Later, another witness reported seeing Doug Trip on the night of his death. Just after 11:30 p.m., David Smith of Middleboro, Kentucky, a casual acquaintance of Tripp, saw Tripp's patrol car parked in front of the Tazewell funeral home. When Smith waved, Tripp, who was sitting inside, returned the greeting. When Smith drove back through Tazewell at approximately 11:50 p.m., the patrol car was no longer at the funeral home. As Smith continued north, he passed a slow-moving red Toyota passenger car. At the muffler shop, he saw the state patrol car parked in the lot facing the road. Tripp was sitting in the vehicle with the dome light on, looking down, and appeared to be reading or writing. This time, when Smith waved, Tripp did not respond. Within a short time after Smith saw Tripp at the muffler shop, the Toyota came up from behind and sped around him. *fn4

The police found little at the scene to assist in the investigation. When the police arrived, Sergeant Tripp was lying on the front seat of the patrol car. Tripp's revolver was in his holster with the cover snapped shut. Investigators found four spent .22 cartridges in the vehicle. The window on the passenger side was shattered. Lying under the steering wheel on the floor of the vehicle was a magazine. No murder weapon was found. No attempt was made to obtain fingerprints from the patrol car. Other than Smith and Bott, no other witnesses were found with information about the killing.

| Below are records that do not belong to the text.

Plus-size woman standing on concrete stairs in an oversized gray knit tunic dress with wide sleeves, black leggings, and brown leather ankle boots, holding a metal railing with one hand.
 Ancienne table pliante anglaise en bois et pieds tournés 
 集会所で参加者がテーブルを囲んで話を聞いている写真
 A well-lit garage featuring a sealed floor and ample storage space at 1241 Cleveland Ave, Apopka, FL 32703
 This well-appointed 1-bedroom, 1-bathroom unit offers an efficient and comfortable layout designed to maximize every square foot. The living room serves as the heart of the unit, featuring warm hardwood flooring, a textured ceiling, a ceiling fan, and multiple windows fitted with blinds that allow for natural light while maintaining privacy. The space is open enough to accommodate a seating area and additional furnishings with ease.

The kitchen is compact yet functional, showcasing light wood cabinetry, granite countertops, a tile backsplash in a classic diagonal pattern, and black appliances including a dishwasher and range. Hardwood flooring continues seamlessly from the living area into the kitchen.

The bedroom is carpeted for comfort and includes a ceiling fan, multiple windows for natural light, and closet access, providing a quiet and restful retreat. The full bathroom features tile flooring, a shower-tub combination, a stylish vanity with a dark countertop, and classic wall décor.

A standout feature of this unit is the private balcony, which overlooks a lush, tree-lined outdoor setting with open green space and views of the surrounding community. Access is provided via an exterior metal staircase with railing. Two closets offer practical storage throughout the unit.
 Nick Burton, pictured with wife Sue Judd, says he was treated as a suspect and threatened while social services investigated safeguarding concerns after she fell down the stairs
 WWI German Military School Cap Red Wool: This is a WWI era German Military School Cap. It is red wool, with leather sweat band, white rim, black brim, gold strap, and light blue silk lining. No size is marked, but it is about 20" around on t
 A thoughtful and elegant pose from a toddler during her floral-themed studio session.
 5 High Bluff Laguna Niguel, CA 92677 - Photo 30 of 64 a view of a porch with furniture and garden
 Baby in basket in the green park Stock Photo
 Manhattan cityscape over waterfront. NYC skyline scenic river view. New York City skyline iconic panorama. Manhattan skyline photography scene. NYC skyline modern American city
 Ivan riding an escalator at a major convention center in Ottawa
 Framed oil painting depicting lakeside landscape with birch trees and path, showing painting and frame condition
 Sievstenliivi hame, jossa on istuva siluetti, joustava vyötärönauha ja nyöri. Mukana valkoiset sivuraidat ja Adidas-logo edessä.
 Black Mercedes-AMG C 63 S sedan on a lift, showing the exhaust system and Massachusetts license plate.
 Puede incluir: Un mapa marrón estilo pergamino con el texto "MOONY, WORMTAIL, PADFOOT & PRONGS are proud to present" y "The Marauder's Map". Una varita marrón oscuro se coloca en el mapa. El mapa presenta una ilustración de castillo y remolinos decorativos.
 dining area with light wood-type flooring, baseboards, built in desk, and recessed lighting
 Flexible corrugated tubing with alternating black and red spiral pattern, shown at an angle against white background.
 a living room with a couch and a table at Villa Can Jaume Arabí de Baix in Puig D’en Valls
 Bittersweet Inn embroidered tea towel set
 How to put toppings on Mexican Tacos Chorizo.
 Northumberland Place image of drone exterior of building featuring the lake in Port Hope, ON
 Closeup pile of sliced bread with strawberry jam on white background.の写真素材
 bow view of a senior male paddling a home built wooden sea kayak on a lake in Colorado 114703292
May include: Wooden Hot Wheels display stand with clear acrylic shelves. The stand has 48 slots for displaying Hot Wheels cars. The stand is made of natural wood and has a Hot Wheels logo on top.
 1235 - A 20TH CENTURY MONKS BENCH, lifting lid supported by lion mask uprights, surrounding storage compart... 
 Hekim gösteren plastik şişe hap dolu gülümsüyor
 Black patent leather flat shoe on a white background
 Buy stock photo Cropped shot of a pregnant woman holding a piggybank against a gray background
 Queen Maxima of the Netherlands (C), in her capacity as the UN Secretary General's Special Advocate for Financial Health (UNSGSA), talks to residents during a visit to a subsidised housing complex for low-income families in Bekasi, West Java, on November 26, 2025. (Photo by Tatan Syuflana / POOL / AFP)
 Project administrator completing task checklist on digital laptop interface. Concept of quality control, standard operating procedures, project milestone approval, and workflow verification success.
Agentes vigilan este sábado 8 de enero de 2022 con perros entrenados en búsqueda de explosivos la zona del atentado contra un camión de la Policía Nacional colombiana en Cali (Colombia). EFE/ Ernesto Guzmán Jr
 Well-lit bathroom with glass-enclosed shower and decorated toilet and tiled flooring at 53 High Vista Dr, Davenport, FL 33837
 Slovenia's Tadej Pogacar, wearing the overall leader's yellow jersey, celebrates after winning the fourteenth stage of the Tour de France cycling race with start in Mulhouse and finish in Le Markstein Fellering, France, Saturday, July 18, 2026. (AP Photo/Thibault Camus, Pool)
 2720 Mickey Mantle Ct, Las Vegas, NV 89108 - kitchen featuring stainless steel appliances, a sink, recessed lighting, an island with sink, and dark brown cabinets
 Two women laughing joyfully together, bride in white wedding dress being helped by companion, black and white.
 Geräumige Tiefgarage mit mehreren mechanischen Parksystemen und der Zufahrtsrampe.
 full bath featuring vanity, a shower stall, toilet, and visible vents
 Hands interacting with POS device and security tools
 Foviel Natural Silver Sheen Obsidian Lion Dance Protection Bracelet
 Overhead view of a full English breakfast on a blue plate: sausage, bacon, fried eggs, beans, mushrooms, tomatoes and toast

From the evidence at the scene, police concluded that the killer pulled up next to the patrol car and spoke to Tripp who rolled down the driver-side window. The killer fired a .22 rifle directly at the officer. The first group of shots hit Tripp on the left side of the head and neck. The second group of shots hit his left shoulder as he turned away and slumped over. At least one shot shattered the passenger window.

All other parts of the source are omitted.